How to start using Arrays in Rails with PostgreSQL

So far we covered a lot of PostgreSQL goodness. We’ve already talked about using uuid or storing hashes in our Rails applications with PostgreSQL database. Now is the time to do something in the middle of these topics (more complex than uuid, but easier than hstore) - we want to store list of simple values under one attribute. How can we do that? You may think “arrays” right now and you are correct. Let’s see how we can achieve that.

A little bit of theory

Arrays are ordered, integer-indexed collections of any object. They are great for storing collection of elements even with different types.

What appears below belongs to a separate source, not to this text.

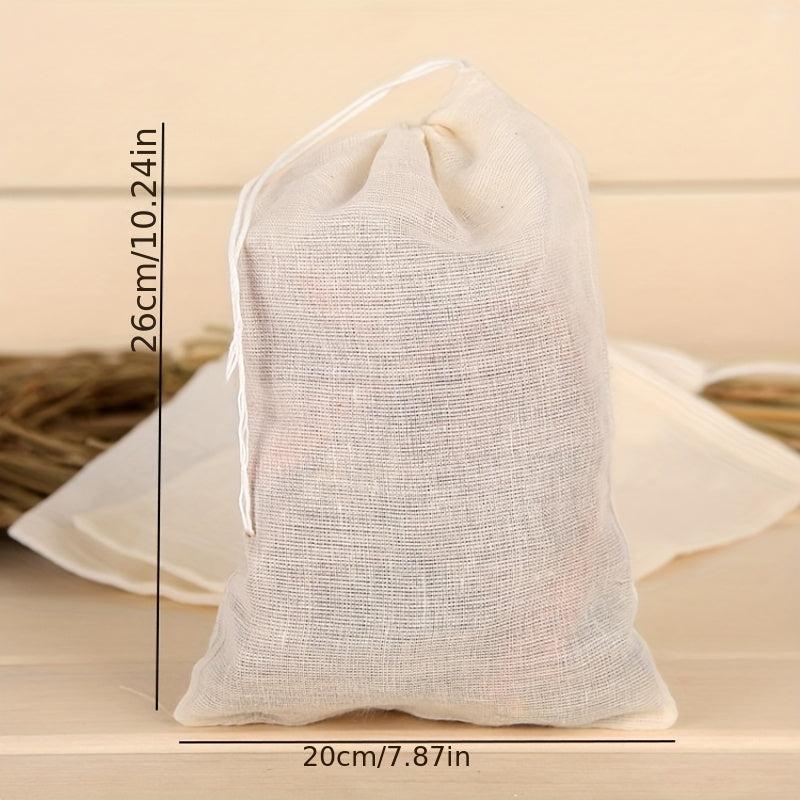 2pcs Reusable Drawstring Soup Bags Cheesecloth Spice Bags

First normal form (1NF) is a relation’s property in a relational database. It requires every attribute to have domain that can consist of only atomic values so value of each attribute is always single value from that domain.

For some wise reasons we pursue to normalize our databases so that no duplicated data is stored there. So should we consider combining relational databases with arrays as something that breaks 1NF? It seems so.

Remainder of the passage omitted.